After a couple of negative posts, I feel it’s time to accentuate the positive. So: back to the absolute fundamentals of Web design.
I’ve already asserted—as dogmatically as I can—two unbreakable rules:
- Be 100% clear about what your site is going to offer visitors.
- Make it super-easy for your visitors to get what they want. (This comes with a small but important rider: never use fixed size fonts.)
If you stick to these rules, and you do actually have something to offer visitors, your site will get visited. But: will your visitors also tell their friends? Will they come back?

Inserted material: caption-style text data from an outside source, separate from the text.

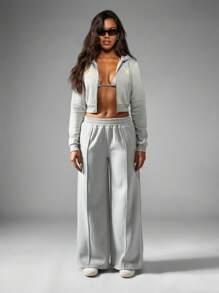 Missguided x Playboy 复古标志拉链短款连帽衫运动健身家居服校队号码秋冬休闲运动服运动休闲抽绳松紧腰带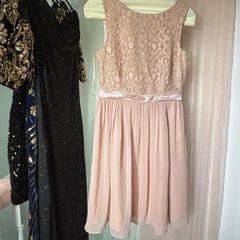 Dusty Rose Pink Sleeveless Lace-Trimmed Chiffon Waist-Cinched Dress
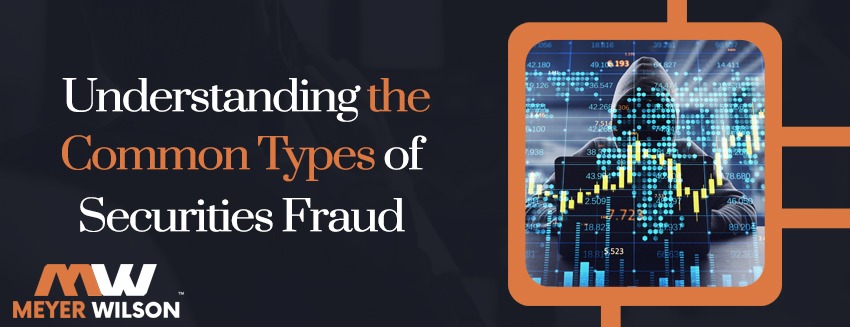 A picture is shown explaining the common types of securities fraud such as broker misconduct, which could occur surrounding Clearmind Medicine.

To be sure of that, you have to give them something extra, something unexpected. So: give clear directions to your creative unconscious. Spell out what the site is going to offer, and ask for something which will make it fun, or magic, or even beautiful. At the least a bit of sparkle, at the most something breathtaking. Then do whatever you usually do to help your creative part work: get out your sketchpad, play with ideas, get on with something else for a few days, go for long walks… Whatever.
Of course, if all your creative part comes up with is a set of distracting Flash animations, you need to take it on a journey round the Web. Begin compiling your own list of model sites and sites that suck. Teach your creative part the difference. It will enjoy learning—and if it still comes up with an animation, the animation will be professional and appropriate. It will know you’re not trying to show off, but to enhance the visitor’s experience.
To sum up. Unbreakable rule 3. Surprise your visitors.